4. Just before serving, stir in lime juice to taste. Correct the seasoning. Spoon the columbo over a mound of rice or couscous. Sprinkle the cilantro on top and serve at once.

Approximately 6 servings.

*Poudre de Colombo*

Ingredients

¼ cup white rice 
¼ cup cumin seeds 
¼ cup coriander seeds 
1 tablespoon mustard seeds
(preferably black) 
1 tablespoon black peppercorns 
1 tablespoon fenugreek seeds 
1 teaspoon whole cloves 
¼ cup turmeric

Directions

Note: Columbo is a French version of curry powder, which originated with the Sri Lankan indentured workers in the FWI. it does not carry the heat of many of the other islands. This mixture carries off-beat ingredients such as roasted rice. Roasting gives the rice a nutty flavor and makes it easier to grind. The rice acts as both a flavoring and a natural thickener.

Poudre de Columbo makes a great holiday gift, being one of the lesser-known cuisines of the Caribbean. You also can use it as you would any curry powder.

1. Cook the rice in a dry skillet over medium heat, shaking the pan frequently, until a light golden brown, about 5 minutes. Transfer the rice to a plate and let cool.

2. Add the whole spices to the skillet and cook over medium heat, shaking the pan until lightly toasted and fragrant, about 2-3 minutes. Transfer the spices to the plate to cool.

3. Combine the rice and roasted spices in a spice mill, blender, or coffee grinder and grind to a fine powder. Stir in the tumeric.

4. Store the powder in a glass jar (fancy if used for a gift). Keep away from heat and light. It will keep for several months. Makes about 1 cup.

Note: Black mustard seeds are hotter than white (white can be used in a pinch).


----------



## kimmie (Mar 13, 2001)

(Lamb meat pies)

Pastry

2¼ cups all-purpose flour 
1 teaspoon Jamaican or Columbo spice blend (or curry powder) 
½ teaspoon salt 
1/8 teaspoon cayenne pepper 
¾ cup vegetable shortening (chilled) 
1/3 cup ice water

Meat Filling

1 pound ground lamb (lean) 
2 Tablespoon butter (unsalted) 
1 medium onion (chopped) 
½ hot & fresh chile pepper (preferably a
Scotch Bonnet or milder if you prefer) 
1 garlic clove (minced) 
1 Tablespoon all-purpose flour 
2 teaspoons Jamaican or Columbo spice
blend (or curry powder) 
½ teaspoon salt 
½ teaspoon thyme (dried)
¼ teaspoon cilantro 
¼ teaspoon allspice 
2 Tablespoons tomato paste 
2 Tablespoons water 
1 large egg (well beaten)

Dough
In a medium bowl, stir the Jamaican spice blend or Columbo powder, flour, salt and cayenne together. Using a pastry blender (or just two knives, which is a lot more work), cut in the shortening until the mixture looks like coarse meal. Tossing with a fork, gradually sprinkle in the ice water, mixing just until the mixture is moist enough to hold together when pinched between you thumb and forefinger. You may need to add a little more water. 

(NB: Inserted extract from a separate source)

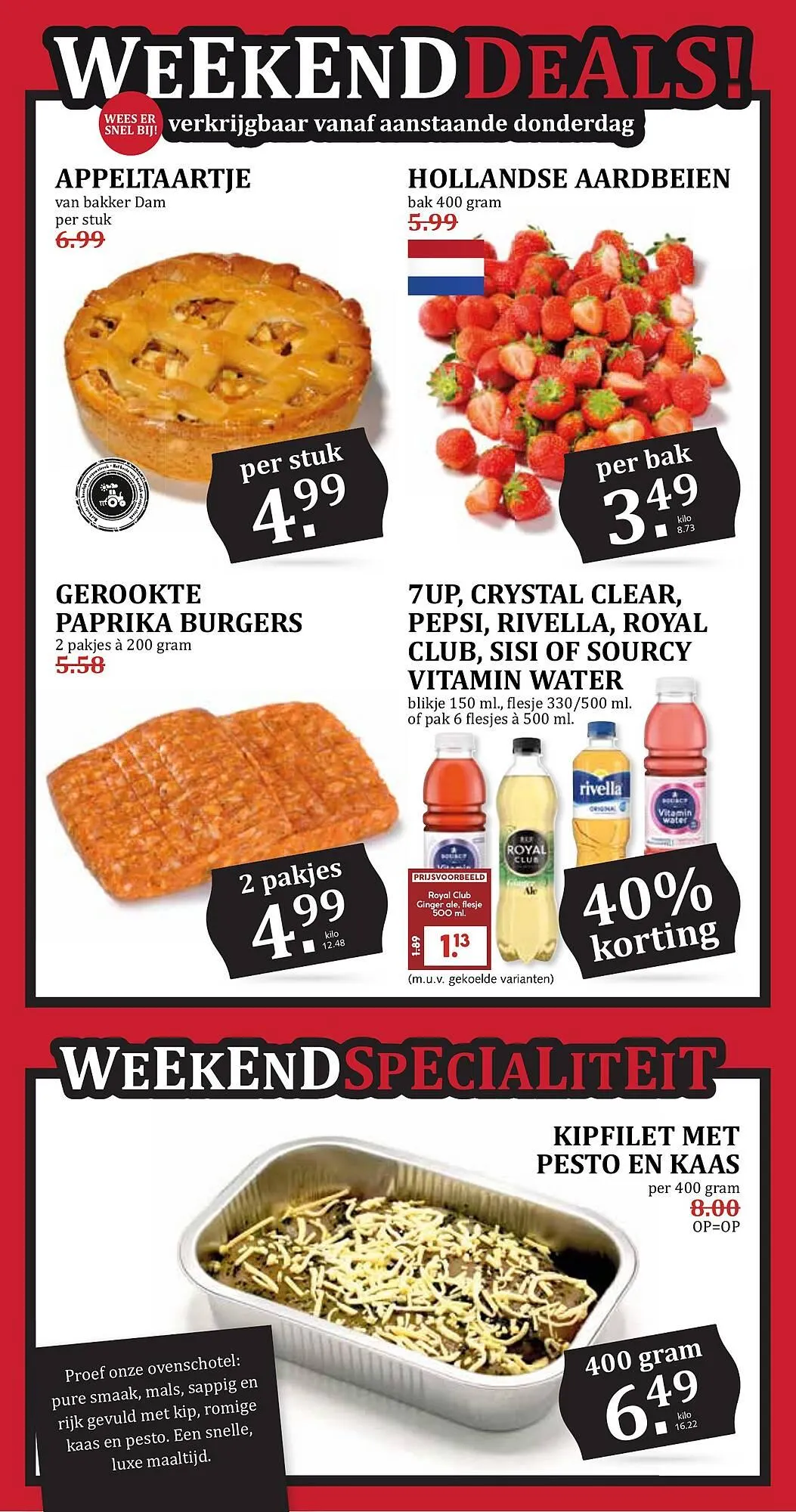 De Boerenschuur folder van 6 april tot 12 april 2026 - Folder pagina 19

Gather the dough and form it into a flat disc, wrap it in waxed paper, and refrigerate over night. 

Filling
Heat the butter in a larger skillet. Add the lamb, onion, chile pepper, garlic, and brown well over medium-high heat, stirring often, for about 5-8 minutes. Drain and discard all the fat. 

Now add the flour, Jamaican spices (Columbo powder), salt, thyme, cilantro, allspice, and stir for a minute. Stir in the tomato paste and water, and cook until thickened. (These are all one minute steps.) Remove from the heat and allow the filling to cool completely. 

The Pies
Position the rack in the top third of the oven, and pre-heat to 400 . Lightly grease the baking sheet.

On a lightly floured work surface (like the counter top), roll out the dough to form a 12 × 14 inch rectangle about 1/8 inch thick. Cut this into eight, 6 × 3 inch rectangles. Place about ¼ cup of the filling in the center of each rectangle, fold it over to enclose the filling, and press the edges with a fork to seal them in. 

Transfer to the prepared, baking sheet, and brush them lightly with the beaten egg. Bake until golden brown. (about 25 to 30 minutes). Serve hot, warm, or at room temperature.


----------



## cape chef (Jul 31, 2000)

Hey Kimmie,

Do you like lamb?

Nice recipes
cc


----------



## kimmie (Mar 13, 2001)

Ahum..


YES YES YES!! I DO I DO I DO!!!

There's more in my computer but I just don't have the time. Maybe later...


----------



## kimmie (Mar 13, 2001)

*Spiced Lamb Skewers*

2 tbsp. cumin
1 tbsp. papikra
1½ tsp. ground coriander
1 tsp. pepper
¼ tsp. cayenne pepper
1 tbsp. cinnamon
1½ lbs. lamb top round
16 wooden skewers, soaked

Combine cumin, paprika, coriander, pepper, cayenne pepper and cinnamon in a bowl and mix thoroughly. Set aside. Trim excess fat from lamb and slice the meat into thin strips. Then toss lamb with the spice mixture until evenly coated. Carefully skewer each piece of seasoned lamb with a wooden skewer that's been soaked in water overnight. Set aside in refrigerator until ready to cook. Place on pre-heated grill for about 2 minutes, flip and cook for about 1 minute more. Serve hot.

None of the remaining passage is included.